- The Crisafulli Government has ordered an audit into young people self-placing in the care system in Queensland.
- The Government is also reviewing how contracts are awarded to service providers in the Residential Care sector with a focus on for-profit unlicenced providers.
- The announcement coincides with today's first public hearing for the Commission of Inquiry into the broken Child Safety System.
The Crisafulli Government has ordered a full audit of where and how almost 800 vulnerable children are self-placing across Queensland, as the Commission of Inquiry into the broken Child Safety System gets underway in Brisbane.
Fixing the broken Child Safety System is a key commitment of the Crisafulli Government to deliver a fresh start for Queensland, ensuring children in care receive the support they need to stop the system being a pipeline to youth crime.
A self-placing child is one who is under the care of the Department of Child Safety, but chooses to leave either their foster, kinship or residential care placement, often putting themselves at risk of homelessness or in dangerous environments.
The audit will include gathering the names, ages, locations of the children who are self-placing, as well as what efforts are being made to engage them and what support is being provided to them.
Over the past five years the number of children self-placing has remained unacceptably high, from 694 in March 2020, to 871 in March last year.
Shockingly the former Labor Government never asked for an audit or census of where these vulnerable children were.
The Crisafulli Government has requested a review of contracting processes that result in an over reliance on for-profit, unlicenced providers in the residential care sector.
Unlicenced and for-profit providers have thrived in a billion-dollar industry with little to no checks and balances on their service delivery over the past decade.
Unlicenced Residential Care providers received $474.3M of funding from the State Government last financial year.
There are currently 110 unlicenced providers, compared to 36 licenced providers.
Of the 102 for-profit providers in the residential care sector, only 11 are licenced.
The growth of these unlicenced providers exploded under the former government who:
- Are not required to have a Human Services Quality Framework certificate, which sets standards based on governance and management, service access, responding to individual need, safety, wellbeing and rights.
- Are not subject to legislative suitability requirements, other than holding a blue card.
- There is no other documented process for reviewing the organisation's performance.
Licenced providers are held to strict conditions bound within the Child Protection Act and are regularly monitored by the Department and are mostly not-for-profit organisations operating in an outsourced service delivery model.
It is this Government's intention to reign in the billion-dollar industry, by moving contracts to an outsourced delivery model and in doing so push the sector to becoming licenced providers.
The Commission has today begun the important work of unpacking the disarray and neglect the system has been left in over the past decade following the Carmody Inquiry.
At the onset the Government made it clear that reform and election commitments would continue into the broken system during the 17-month long Inquiry and these two steps begin that work.

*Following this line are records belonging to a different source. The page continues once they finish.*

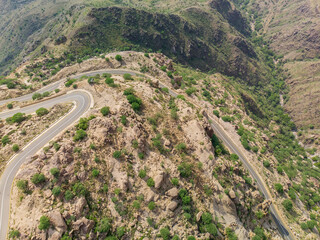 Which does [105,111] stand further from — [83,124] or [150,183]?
[150,183]

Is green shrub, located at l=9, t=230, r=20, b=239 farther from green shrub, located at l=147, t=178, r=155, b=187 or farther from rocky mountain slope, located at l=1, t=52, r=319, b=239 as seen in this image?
green shrub, located at l=147, t=178, r=155, b=187

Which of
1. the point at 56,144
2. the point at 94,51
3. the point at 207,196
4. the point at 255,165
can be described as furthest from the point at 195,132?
the point at 94,51

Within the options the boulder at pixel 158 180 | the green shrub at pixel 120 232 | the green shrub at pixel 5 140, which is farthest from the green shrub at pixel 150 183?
the green shrub at pixel 5 140

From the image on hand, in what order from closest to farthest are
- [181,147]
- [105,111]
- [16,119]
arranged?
[105,111] < [16,119] < [181,147]

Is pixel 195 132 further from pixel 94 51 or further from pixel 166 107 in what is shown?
pixel 94 51

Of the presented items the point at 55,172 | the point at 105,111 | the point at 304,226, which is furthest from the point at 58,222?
the point at 304,226

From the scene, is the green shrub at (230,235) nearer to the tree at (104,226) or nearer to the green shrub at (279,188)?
the green shrub at (279,188)

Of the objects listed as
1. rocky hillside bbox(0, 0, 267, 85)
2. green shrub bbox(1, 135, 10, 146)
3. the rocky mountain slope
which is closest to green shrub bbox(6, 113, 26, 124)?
green shrub bbox(1, 135, 10, 146) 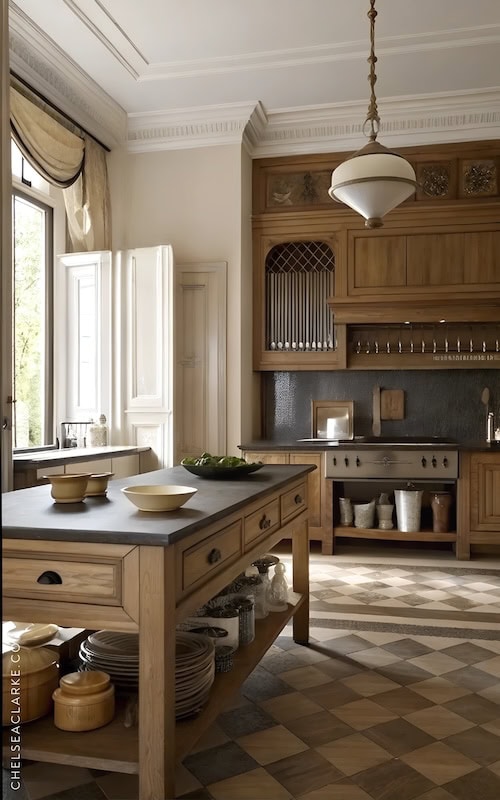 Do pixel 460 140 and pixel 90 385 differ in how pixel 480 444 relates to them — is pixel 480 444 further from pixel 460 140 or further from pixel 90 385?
pixel 90 385

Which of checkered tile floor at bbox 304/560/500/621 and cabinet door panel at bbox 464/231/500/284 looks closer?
checkered tile floor at bbox 304/560/500/621

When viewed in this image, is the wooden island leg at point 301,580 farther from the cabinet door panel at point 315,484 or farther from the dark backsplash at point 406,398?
the dark backsplash at point 406,398

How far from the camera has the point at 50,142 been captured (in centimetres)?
518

Minister for Child Safety Amanda Camm said the Crisafulli Government was acting to ensure the safety of vulnerable children.
"Allowing one vulnerable child to self-place in Queensland is unacceptable to me, let alone 780 young people, that's why I have ordered a full audit of the kids in care who are self-placing, to understand how the current system can be improved," Minister Camm said.

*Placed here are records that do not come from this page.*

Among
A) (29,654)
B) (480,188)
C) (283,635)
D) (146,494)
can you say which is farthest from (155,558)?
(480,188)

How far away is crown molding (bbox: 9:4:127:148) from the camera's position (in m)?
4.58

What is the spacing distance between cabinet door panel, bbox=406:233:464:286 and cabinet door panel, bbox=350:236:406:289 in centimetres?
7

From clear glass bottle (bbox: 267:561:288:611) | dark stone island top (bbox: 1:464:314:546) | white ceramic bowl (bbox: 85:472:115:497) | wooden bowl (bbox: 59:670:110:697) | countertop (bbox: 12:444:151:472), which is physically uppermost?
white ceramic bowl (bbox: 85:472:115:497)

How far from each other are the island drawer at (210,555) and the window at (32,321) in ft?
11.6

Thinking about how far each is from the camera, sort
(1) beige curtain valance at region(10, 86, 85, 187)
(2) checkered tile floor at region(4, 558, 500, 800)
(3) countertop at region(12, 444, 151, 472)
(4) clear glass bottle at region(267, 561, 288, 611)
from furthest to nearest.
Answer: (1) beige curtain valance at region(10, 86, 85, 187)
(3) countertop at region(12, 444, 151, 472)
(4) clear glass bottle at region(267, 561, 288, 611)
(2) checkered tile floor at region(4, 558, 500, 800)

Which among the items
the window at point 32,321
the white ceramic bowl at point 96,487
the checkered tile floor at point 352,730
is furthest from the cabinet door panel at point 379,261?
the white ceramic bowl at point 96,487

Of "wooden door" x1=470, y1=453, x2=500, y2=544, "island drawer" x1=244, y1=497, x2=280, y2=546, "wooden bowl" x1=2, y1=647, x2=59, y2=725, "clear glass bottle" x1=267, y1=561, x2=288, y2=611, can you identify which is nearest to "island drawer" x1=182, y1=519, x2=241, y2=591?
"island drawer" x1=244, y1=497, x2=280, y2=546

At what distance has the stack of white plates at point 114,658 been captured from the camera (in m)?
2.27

"It is vital we have an understanding of how we can better support these vulnerable children to get their lives back on track and if they have a youth justice crossover – ensure we are doing all we can to better protect the community.

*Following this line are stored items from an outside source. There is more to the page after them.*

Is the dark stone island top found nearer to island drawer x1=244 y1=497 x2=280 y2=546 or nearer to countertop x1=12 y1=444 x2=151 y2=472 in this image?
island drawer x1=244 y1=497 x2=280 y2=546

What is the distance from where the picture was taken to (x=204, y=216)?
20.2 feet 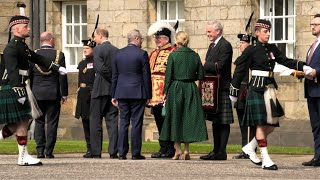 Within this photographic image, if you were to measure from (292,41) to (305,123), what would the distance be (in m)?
2.06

"The fact the Government had nearly no oversight of unlicenced providers, or recourse to ensure they are delivering positive outcomes for vulnerable children is a clear system failure.
"The residential care sector is a billion-dollar industry built on the back of vulnerable children with taxpayers' money, it is critical there is oversight and these organisations know that if they do not perform the Government will act.
"It is critical we take the necessary steps to fix issues when they are uncovered to ensure children are being adequately taken care of.
"There are some extraordinary people who work in the child safety sector, who go above and beyond for vulnerable children and I'm certain they want what's best for them.
"This Commission of Inquiry is about accountability, both ministerial and departmental, we need to understand how these system failures happened, so we can ensure they do not happen again."